COMPOUND BOW SELECTION POINTER

The following pointers should be considered when selecting a compound bow.

Bow Features

The length most suited the individual archers drawing length. (The maximum weight permitted in the GNAA is 60 pounds peak weight, however bows of greater weights can be let down to this limit..)

The Maximum Draw Weight is called the “Peak Weight”and uccurs during mid-draw.

The Minimum Weight at full draw called the “Let Off” weight, specified as a weight or as a percentage termed the “Let-Off”.

The Type of Stringing used which can be a continuous string, or two steel cables with a middle shooting string of Dacron or Fast-flyte, or a “shoot through” arrangement with several strings.

The “Wheels”, eccentric cams or single cams fitted to the limb axles and their means of adjustment.

The Mechanisms used to adjust the bow weight and guide the cables or strings.

Bow Sight

The bow sights must be very strong and rigidly fixed to the bow with a sight pin that will resist rotation due to the high shock placed upon them by the bows speed.
A normal sight can be used or a lens.
The lenses magnification must not be too great or some problems will be experienced in holding the sight on its mark.

The String “Peep” or back sight must be held consistently in the correct position at full draw so an elastic tube or similar device is essential to ensure this is so.

The Arrow Rest-this can be of several types and is dependent upon the individual’s preference, initially a “Springy” or a prong shaped rest can be used.

In time other rests can be tried out and a satisfactory one can be chosen on its performance.

Release

The Types of String Release which can fit directly around the string, through special loops or metal loops behaind the string.

There are releases with side loosing, centre loosing, with rotating heads, held in the fingers or by wrist straps with first finger, little finger or thumb releases.

Once again the best release is the one that gives the best performance to the individual archer.

Arrows

The arrow specification will depend upon the individual archers requirements and the final bow settings so the arrow selection advice should be taken from an archer experienced in compound bow shooting or a qualified coach.

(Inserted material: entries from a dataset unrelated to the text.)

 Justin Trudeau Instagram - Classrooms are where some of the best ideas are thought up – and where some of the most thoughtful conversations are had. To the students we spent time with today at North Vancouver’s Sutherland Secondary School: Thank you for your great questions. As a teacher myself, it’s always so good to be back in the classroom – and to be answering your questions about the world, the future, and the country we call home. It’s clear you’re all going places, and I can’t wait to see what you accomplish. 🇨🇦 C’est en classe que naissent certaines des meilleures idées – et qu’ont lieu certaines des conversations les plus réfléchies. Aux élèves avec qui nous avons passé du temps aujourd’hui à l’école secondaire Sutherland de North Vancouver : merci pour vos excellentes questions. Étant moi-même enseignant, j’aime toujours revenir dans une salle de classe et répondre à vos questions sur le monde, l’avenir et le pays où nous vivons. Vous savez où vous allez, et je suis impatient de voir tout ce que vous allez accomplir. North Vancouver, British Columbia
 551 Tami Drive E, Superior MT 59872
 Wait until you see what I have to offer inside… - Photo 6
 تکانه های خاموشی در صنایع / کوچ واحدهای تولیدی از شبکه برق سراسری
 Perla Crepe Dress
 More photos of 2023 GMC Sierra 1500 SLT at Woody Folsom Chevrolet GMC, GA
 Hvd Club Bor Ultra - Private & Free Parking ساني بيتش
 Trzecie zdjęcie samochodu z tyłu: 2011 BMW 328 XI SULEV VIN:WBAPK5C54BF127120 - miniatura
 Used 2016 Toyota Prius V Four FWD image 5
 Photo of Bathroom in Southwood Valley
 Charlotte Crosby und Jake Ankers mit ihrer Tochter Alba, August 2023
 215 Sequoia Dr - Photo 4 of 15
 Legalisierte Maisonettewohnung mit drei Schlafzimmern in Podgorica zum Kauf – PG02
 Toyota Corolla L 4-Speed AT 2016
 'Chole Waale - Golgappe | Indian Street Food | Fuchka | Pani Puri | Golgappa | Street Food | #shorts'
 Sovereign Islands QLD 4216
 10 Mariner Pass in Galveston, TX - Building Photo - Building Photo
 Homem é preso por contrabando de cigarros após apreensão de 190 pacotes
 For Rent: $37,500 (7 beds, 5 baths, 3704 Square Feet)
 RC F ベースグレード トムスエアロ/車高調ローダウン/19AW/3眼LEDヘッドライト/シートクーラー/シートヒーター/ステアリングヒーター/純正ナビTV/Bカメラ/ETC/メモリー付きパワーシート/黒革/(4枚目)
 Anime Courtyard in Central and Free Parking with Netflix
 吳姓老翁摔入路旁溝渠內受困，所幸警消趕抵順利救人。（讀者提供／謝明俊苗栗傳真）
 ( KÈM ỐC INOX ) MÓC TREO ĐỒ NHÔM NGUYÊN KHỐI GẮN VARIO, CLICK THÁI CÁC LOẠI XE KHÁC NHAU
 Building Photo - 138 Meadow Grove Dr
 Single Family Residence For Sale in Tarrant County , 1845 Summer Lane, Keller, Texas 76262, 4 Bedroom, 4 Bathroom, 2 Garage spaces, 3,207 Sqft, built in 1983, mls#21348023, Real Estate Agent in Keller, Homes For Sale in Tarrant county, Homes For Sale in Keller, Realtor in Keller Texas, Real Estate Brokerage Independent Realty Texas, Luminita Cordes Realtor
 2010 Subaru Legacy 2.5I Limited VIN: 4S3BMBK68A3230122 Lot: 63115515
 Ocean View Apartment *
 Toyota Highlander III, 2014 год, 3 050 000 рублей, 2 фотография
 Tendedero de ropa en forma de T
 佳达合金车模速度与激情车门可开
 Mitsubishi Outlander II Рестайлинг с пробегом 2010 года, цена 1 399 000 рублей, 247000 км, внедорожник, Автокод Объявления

The important thing is the compound bow should be tested out in absolute safety, preferably indoors with a double safety net and at no less than twenty yards range and under close supervision.

One must be absolutely sure that the release mode is understood and the archer is totally confident in handling the bow and the release.

In the initial stages the compound bow must not be lifted above level and the target should be set on the floor, the compound bow shoots very fast and the arrow is not visible in its flight until experience is gained with it.

When confidence in the release and the bow is gained then the archer should then start shooting outdoors but always ensure that at least 100 yards overshoot is available and someone will advise on the shot arrows landing site.

It would be advisable to start with short distances and then increase distance when sight marks are established.